Cheap, reversible, unobtrusive, safe. What more could you want?!


----------



## jlm (23/11/11)

hotchilli said:


> not saying it's legit - just saying its a calculated risk. Good point though on the 10A rated outlet though - the solution would be to replace the wall socket with a 15A rated socket which has the bonus that it will take the big earth pin - they also sell these at Bunnings for about $10 (and I'll bet the only difference between the 10A outlet and the 15A outlet is the size of the earth pin).

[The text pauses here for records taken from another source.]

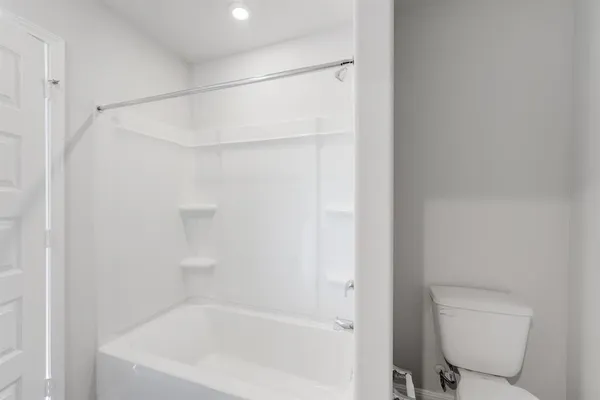 a bathroom with a bathtub and a toilet
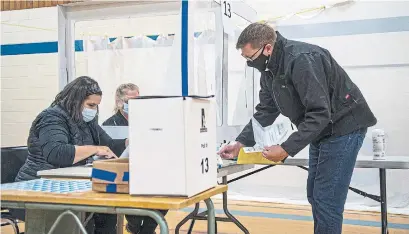  ?? LIAM RICHARDS THE CANADIAN PRESS ?? Saskatchew­an Party Leader Scott Moe completes his voter registrati­on before voting in Shellbrook, Sask., on Monday.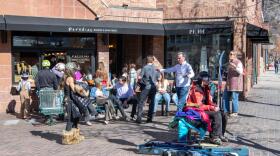 People sit outside of Paradise Bakery on March 18, 2026. The newly formed Aspen Area Community Land Trust is working on identifying properties it can acquire to preserve for affordable local businesses. It has not yet met with any local businesses.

No. There are a lot more things to consider (you've made no mention at all of rcd protection, and while we're at it there's a nice little thing called earth fault loop impedance which has to be considered for the rcd to operate effectively.....I wonder what that 15A element of yours is housed in?.....) than the size of an earth pin. Mikk has elaborated more on what I said earlier about switchboard type and location. Post a pic of your switchboard crusty and myself or someone else will let you know what's possible.


----------



## Malted (23/11/11)

hughman666 said:


> Amen, this is why I'm now looking at the 20L. The reason I do 50L at this stage is that brewing, cleaning etc in a 3 vessel system is something I only want to do once a month.
> 
> Thinking about a Braumeister now, I'm looking at the 20L model because I like the idea of brewing every 2-3 weeks with this thing!

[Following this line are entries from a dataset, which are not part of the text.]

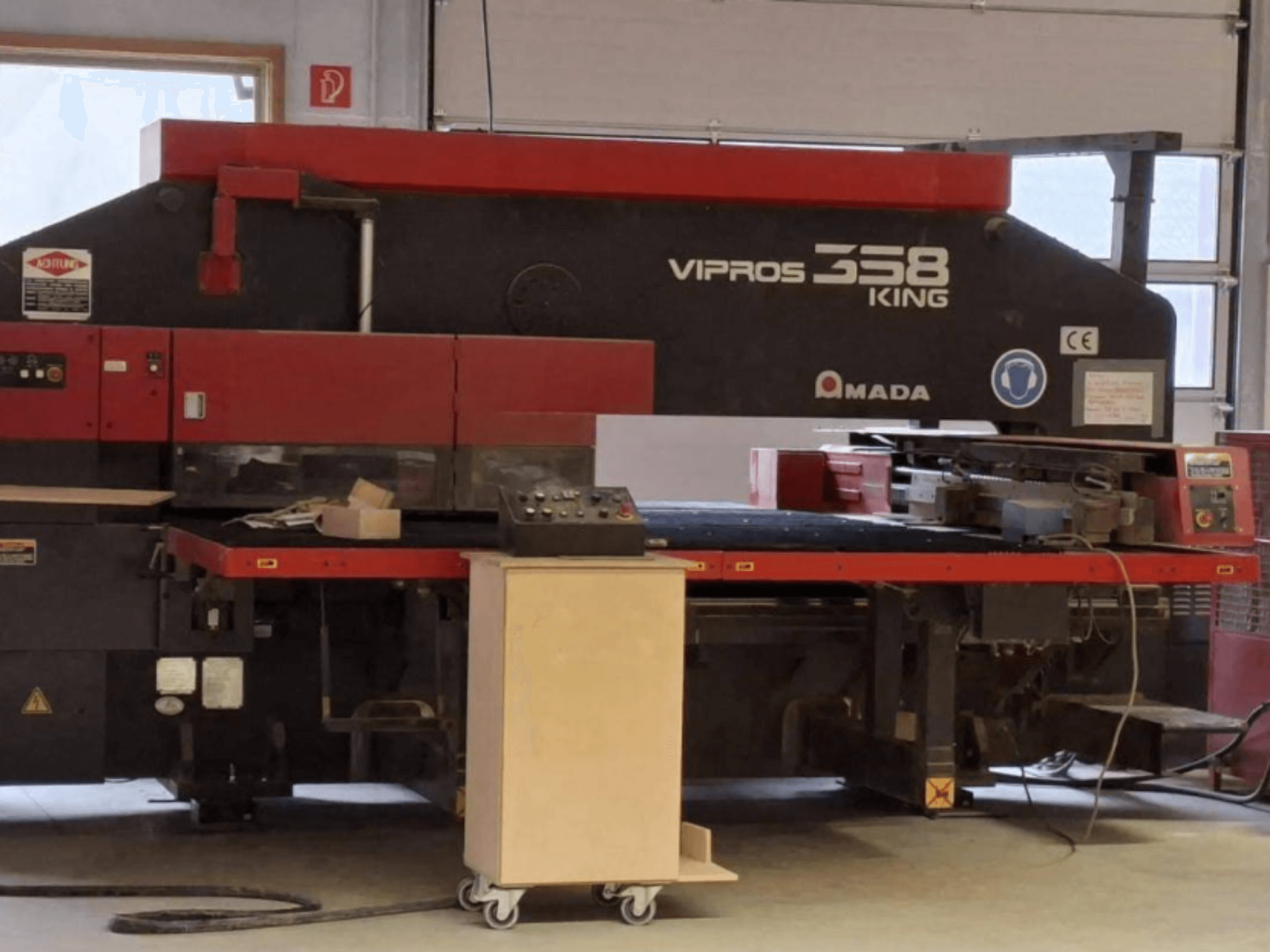 Штамповочный пресс с ЧПУ AMADA VIPROS 358 KING в боковом ракурсе, с панелью управления и зоной хранения инструментов.
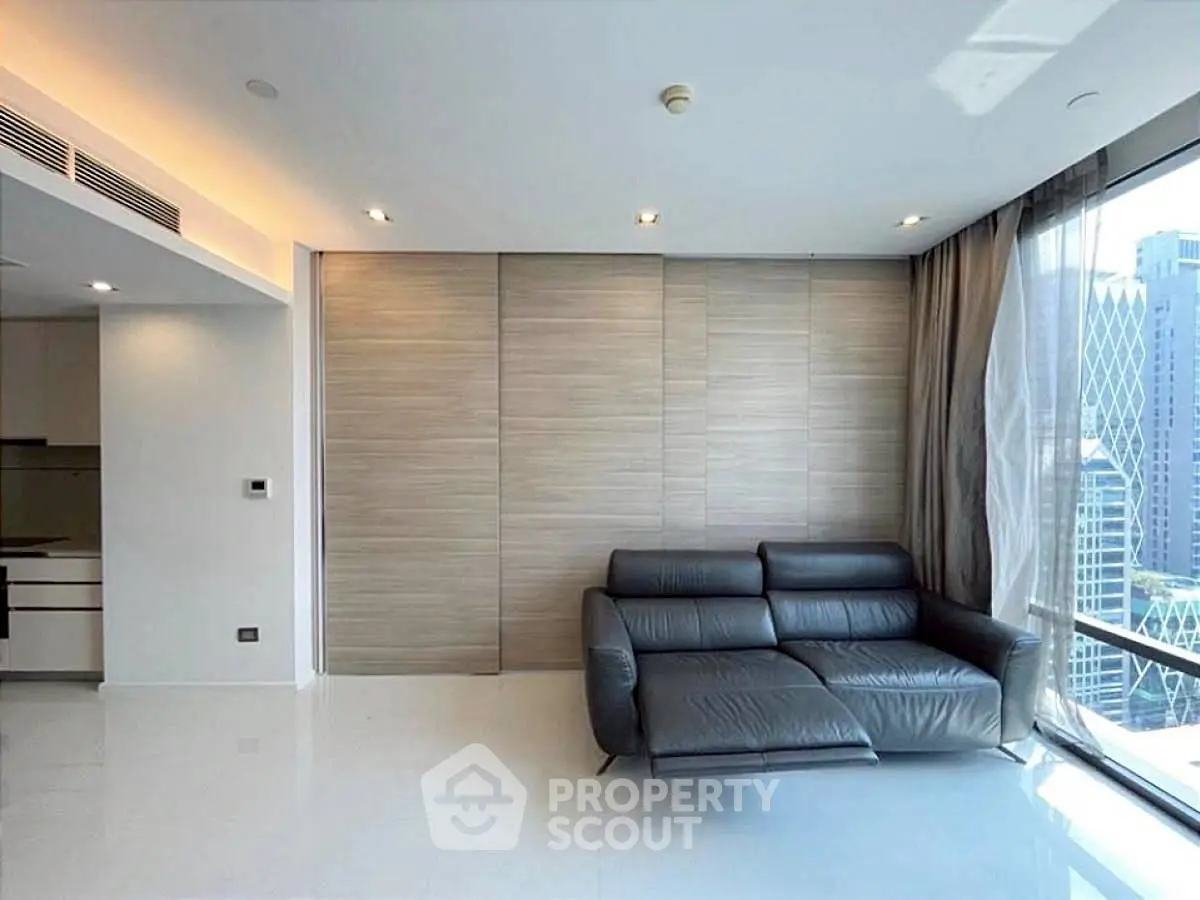 Modern living room with sleek black sofa and city view through large windows.
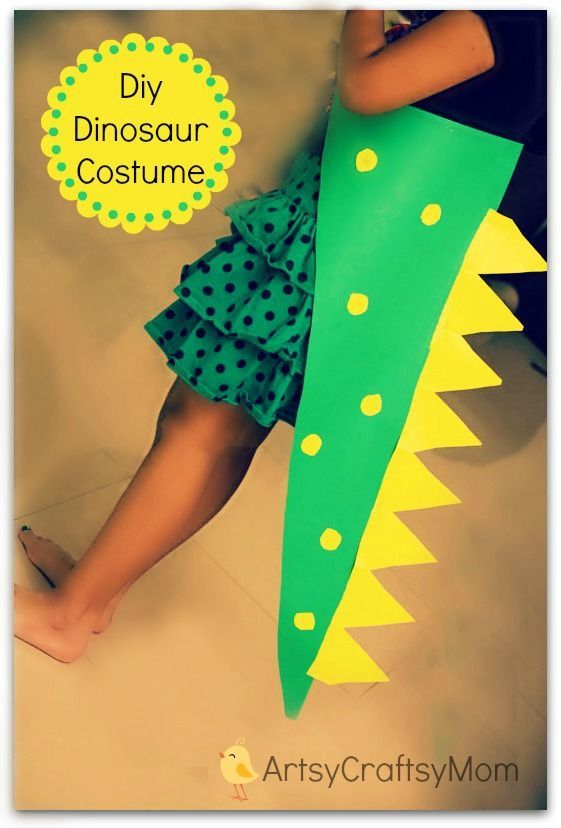 a child's legs wearing a green and yellow dinosaur costume, with the words diy dinosaur costume on it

Yep with my 3V system getting the grain out is a drag. Even several hours later the grain is still scortching hot and I have to scoop around the temp probe and the liqour return dish. Sugary sticky shit everywhere. BM, lift out with lifting bow, walk to bin, tip in, retrieve filter plates. Malt tube is cleaned up without sugary mess and without burnt hands way before the wort is even up to the boil. Super easy. During mashing: go and have a beer, cook a bbq lunch, go and do what ever the missus wants you to do, the BM will beep at you when it needs your attention. 
I have pulled the pumps apart only to discover that they don't need to be pulled apart. When cleaning just shove the garden hose in the pump inlets and then change to the outlets holes, it seems to be all that is needed. 
Cleaning a BM is so easy and quick. Brewing more often and being less of a drag than brewing once a month - priceless.


----------



## hotchilli (23/11/11)

jlm said:


> No. There are a lot more things to consider (you've made no mention at all of rcd protection, and while we're at it there's a nice little thing called earth fault loop impedance which has to be considered for the rcd to operate effectively.....I wonder what that 15A element of yours is housed in?.....) than the size of an earth pin. Mikk has elaborated more on what I said earlier about switchboard type and location. Post a pic of your switchboard crusty and myself or someone else will let you know what's possible.



Well yeah, I've got rcd protection on the switchboard and my element housing is correctly earthed, but that's got nothing to do with the original thread. Crusty just wants to push a domestic 10A circuit to 15A. mikk got it right when he said it will take 15min for a competent sparky to do the job right and I'm all for that.


----------



## jlm (23/11/11)

hotchilli said:


> Well yeah, I've got rcd protection on the switchboard and my element housing is correctly earthed, but that's got nothing to do with the original thread. Crusty just wants to push a domestic 10A circuit to 15A. mikk got it right when he said it will take 15min for a competent sparky to do the job right and I'm all for that.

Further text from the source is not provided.